It’s a cool Halloween night and your Chewbacca costume could only be described as “bitching.” You are so excited to go trick or treating this year. This new neighborhood looks ripe with Snickers and Butterfingers. Oh, and it just so happens that your new neighborhood is populated by all 32 NFL teams.
First house, so excited. You ring the doorbell and Joe Flacco comes out, he throws your candy three feet above your head. When you look up in disgust he says “I won the Super Bowl, you should have had that.”
No one is coming to the door. It looks like Benjarvus Green-Ellis has gone into hibernation for another fall.
Michale Lombardi says they have already traded away all their candy this year for better candy next year. Just hold tight till next season.

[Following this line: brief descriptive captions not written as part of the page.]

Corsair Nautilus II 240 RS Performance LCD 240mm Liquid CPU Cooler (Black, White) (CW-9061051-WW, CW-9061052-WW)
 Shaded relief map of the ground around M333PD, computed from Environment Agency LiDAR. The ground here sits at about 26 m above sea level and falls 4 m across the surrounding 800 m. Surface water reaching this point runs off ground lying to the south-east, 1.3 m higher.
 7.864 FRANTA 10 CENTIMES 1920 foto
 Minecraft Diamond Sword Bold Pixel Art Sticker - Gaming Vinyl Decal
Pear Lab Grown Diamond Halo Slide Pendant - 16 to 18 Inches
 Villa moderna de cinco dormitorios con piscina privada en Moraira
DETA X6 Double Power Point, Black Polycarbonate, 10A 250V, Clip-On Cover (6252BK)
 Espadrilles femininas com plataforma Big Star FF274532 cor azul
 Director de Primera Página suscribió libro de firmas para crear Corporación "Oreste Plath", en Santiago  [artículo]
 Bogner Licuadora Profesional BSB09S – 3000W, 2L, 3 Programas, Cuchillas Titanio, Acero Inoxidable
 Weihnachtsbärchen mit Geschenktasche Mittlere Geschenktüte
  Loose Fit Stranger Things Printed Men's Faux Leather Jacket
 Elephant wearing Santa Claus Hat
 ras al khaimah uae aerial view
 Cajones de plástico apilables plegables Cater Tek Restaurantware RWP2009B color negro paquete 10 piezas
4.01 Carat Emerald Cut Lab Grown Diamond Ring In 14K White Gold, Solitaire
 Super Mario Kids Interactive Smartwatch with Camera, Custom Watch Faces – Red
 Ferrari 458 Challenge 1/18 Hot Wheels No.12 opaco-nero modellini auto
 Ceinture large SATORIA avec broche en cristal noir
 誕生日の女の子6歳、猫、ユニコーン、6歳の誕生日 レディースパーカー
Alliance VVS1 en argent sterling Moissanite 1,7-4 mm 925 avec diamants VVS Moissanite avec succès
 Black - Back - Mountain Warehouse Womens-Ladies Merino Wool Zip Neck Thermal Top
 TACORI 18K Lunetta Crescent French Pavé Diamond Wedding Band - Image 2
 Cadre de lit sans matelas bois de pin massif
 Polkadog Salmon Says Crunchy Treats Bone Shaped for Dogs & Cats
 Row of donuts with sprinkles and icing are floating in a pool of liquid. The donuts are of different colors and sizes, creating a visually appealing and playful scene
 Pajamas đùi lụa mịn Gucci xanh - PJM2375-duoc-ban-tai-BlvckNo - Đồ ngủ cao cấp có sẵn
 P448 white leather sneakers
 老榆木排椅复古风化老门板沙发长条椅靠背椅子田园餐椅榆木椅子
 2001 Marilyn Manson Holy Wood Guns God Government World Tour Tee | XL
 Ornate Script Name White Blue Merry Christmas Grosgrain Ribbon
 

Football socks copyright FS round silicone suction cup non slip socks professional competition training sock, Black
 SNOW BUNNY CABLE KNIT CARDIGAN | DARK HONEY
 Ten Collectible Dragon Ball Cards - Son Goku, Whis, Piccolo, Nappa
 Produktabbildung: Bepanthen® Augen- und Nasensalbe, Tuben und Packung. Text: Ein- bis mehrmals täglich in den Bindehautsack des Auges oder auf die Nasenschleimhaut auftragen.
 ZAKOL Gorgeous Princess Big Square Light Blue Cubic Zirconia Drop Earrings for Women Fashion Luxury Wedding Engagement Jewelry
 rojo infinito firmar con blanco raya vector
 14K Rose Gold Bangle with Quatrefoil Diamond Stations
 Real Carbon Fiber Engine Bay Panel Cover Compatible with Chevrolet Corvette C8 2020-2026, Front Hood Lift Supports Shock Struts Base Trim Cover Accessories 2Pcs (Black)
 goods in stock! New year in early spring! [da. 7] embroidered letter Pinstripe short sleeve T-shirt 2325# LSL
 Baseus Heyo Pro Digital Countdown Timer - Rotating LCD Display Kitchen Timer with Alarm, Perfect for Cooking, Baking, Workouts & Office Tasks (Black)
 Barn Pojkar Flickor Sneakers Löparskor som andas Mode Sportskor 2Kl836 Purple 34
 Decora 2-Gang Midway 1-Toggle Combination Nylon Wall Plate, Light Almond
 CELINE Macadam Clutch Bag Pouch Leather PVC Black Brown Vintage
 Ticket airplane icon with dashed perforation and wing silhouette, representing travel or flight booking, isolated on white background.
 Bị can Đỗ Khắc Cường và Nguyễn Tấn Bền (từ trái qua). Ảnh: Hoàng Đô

Troy Paulumalu drops a travel size bottle of Head and Shoulders in your pumpkin.
Jay Cutler pulled his groin on the way to the door.
Ndamukong Suh takes your plastic pumpkin, sees that there is no candy, and horse-collars you.
GREEN BAY PACKERS
Eddie Lacy comes spinning out the door like the Tasmanian Devil, dropping some cheese in your bucket.
Prince comes to the door in his most glorious Halloween blouse and gives you an entire Snickers bars. Even in the face of a terrible season Prince is generous.
You get what appears to be a bag of M&M’s here, but when you open it there’s a penny, some lint, and one melted peppermint. Houston never lives up to expectations.
AHHH THE GUY AT THE DOOR IS DRESSED AS A WEREWOLF! No, no, wait, that’s just Andrew Luck.
An empty bowl sits on the front porch. A sign reads: PLEASE TAKE ONLY ONE, WE ARE IN LONDON.
Kenny Britt sits on the porch eating all the candy he took from the Jaguars’ bucket.
The house looks cursed, it’s dark and forboding. You hear a ghostly voice crying “Juliooooooo, oh Julioooooo, why did it have to be Julioooooooo!”
Cam Newton comes to the door and gives you a huge handful of candy! On latter inspection it’s all candy corn and those peanut butter brick things.
NEW ORLEANS SAINTS
Several New Orleans running backs try to reach the door but they are all tackled for a loss.
TAMPA BAY BUCCANEERS
Greg Schiano is standing in the front yard in his underwear waving a shotgun. “ANY OF YOU PUNKS TRIES TO TP MY YARD, YOU’LL GET A PIECE OF THE SCHIANO!” This is a totally balanced reaction to the situation.
E.J. Manuel, Kevin Kolb, Matt Flynn, and Thad Lewis are all trying to get through the door at the same time.
Lauren Tannehill comes to the door. You ask to move in.
NEW ENGLAND PATRIOTS
Bill Belichick opens the door and stares. He just stares.
NEW YORK JETS
Rex Ryan happily gives you two hand fulls of candy, he then asks if you have ever played quarterback.
Tony Romo tries to put candy in your bucket, but another kids swoops in and intercepts it.
NEW YORK GIANTS
Tom Coughlin comes to the door. “You know in my day we didn’t trick or treat for candy, we were trick or treating for war bonds to fight the Kaiser. We didn’t have those fancy costumes either, I just put on my mothers makeup and pearls and went as a USO girl. I got engaged to a sailor from San Fransisco that night…” You run.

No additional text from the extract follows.